The NEJM Catalyst Insights Council members responding to our recent Insights Report on data in health care say that genomic data will be among the top three most useful sources of health care data in 5 years — a substantial increase from how the survey respondents view genomic data today, as the least useful data source.
But for some Council members who are familiar with genomic data, a 5-year time frame for broad use of genomic data is wishful thinking.
“We use mostly the usual forms of data: claims reimbursement, utilization, and hospital admissions. We are nowhere near using genomic data,” says Mark Xuereb, MD, Senior Medical Director at Anthem BlueCross BlueShield in New York City.
Xuereb says genomic testing is not mature enough to be a trustworthy source of data to inform insurance decisions. “We use data sets to create, update, or change local health care guidance and guideline protocols,” he says. In using genomic data, “that’s where the problem can come in.”
In New York City, with so many different ethnic populations and unique socioeconomic factors, insurance companies must be very careful in studying each neighborhood’s disease states and utilization of health care resources. For instance, guidance and guideline protocols for neighborhoods with ethnic concentrations must account for endemic medical conditions. Xuereb says the cost to treat plan members based on their unique genetic code would be too high considering genomics’ nascent status.
Farther on the horizon — perhaps 10 years — Xuereb believes health care will be driven by external data such as population data coupled with genetic data. “The combination would allow individual providers and care givers to customize treatment according to the individual’s genetic makeup and environmental status,” he says.
Marco Huesch, MBBS, PhD, Vice Chair of Radiology Research and Director of the Center for Optimizing Radiology Value at Penn State Hershey Medical Center in Hershey, Pennsylvania, also is wary of predicting genomic data’s widespread use in 5 years.
Radiology at the medical center uses genomic testing in breast cancer risk stratification, diagnosis, and treatment, and the Penn State Hershey Institute for Personalized Medicine has a robust biorepository infrastructure with intensive genomics projects across clinical areas such as trauma, oncology, diabetes, and surgery. But until “organizations are collecting gene samples from everyone in a consistent manner,” Huesch doesn’t believe the use of genomic data will go mainstream.
Instead, he primarily uses clinical data from the electronic medical record system for predictive analytics — for example, gauging the likelihood of a patient to develop sepsis or the likelihood of a successful outcome for candidates for ECMO (extracorporeal membrane oxygenation) procedures. Because radiology touches 85% of the medical center’s patients, Huesch says his department is in a good position to gather and analyze data, as well as provide actionable insight for other medical teams.
Using 4 years of data, Huesch can model, with an 88% success rate, who is at high risk for sepsis. Sepsis, a dysregulated immune response to infection, occurs in 4% to 5% of patients and, of those, one in 8 or 10 will die. “It’s a high-profile condition and important for our institution — we hope to avoid terrible outcomes,” he says.
While Huesch might sprinkle in some external claims data (to compare outcomes against institutions across the state) and social media data (to understand sentiment about topics such as mammogram screenings), he has found the sweet spot is in using the organization’s own clinical data to improve the care of patients.

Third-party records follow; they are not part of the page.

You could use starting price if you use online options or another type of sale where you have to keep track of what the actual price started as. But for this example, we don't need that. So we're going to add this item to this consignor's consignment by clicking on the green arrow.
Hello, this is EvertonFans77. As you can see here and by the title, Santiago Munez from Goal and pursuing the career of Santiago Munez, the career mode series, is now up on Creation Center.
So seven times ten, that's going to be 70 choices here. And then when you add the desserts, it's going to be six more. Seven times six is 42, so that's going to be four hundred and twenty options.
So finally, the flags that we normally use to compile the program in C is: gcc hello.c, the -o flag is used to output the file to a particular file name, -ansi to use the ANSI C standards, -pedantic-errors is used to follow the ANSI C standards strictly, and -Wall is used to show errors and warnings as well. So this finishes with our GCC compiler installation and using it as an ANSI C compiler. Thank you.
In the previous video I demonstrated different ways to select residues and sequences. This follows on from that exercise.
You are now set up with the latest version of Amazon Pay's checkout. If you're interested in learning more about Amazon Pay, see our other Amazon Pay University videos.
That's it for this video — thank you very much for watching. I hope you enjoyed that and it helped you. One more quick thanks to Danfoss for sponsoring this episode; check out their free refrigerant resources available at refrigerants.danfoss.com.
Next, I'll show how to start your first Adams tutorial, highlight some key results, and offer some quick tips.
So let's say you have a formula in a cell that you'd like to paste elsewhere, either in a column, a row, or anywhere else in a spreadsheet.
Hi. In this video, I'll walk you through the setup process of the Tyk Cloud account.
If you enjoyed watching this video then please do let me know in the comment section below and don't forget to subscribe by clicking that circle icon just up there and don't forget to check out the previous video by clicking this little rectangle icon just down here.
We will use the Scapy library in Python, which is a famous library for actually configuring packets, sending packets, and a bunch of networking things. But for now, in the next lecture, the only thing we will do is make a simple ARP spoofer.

Christopher Dale, MD, MPH, Medical Director for Quality and Value at Swedish Medical Group, which is part of Providence St. Joseph Health, is carefully watching advances in genomic data in other parts of the large Seattle-based nonprofit health system. Swedish Medical Group is using genomic data to determine who would respond to certain cancer treatments. “Beyond that, our team has no plans to incorporate genomic data in the next year or two,” he says.
Swedish Medical Group’s current go-to data sources are in line with respondents to the NEJM Catalyst Insights Report, who name clinical data (chosen by 95%), cost data (56%), and claims data (45%) as their top three. Dale specifies, though, that because of the complexity of cost data, his organization uses item counts rather than their actual cost. For clinical data, Swedish Medical Group incorporates data from various registries in areas like obstetrics and surgical quality improvement.
Dale describes the organization’s big data vision as “reliable delivery of person-centered, high-value health at scale” but says it will be a journey to get there. He believes patient-generated data — which in the survey rises from fourth place to third in 5 years as a most useful source of health care data — will come into play much sooner than genomic data. “Wearables and patient-reported outcomes are a lot closer,” he says.
Right now, he’s focused on what most of his Insights Council peers are: making data and technology systems more interoperable. “There is a lot of work that needs to be done to realize the promise of big data,” he says.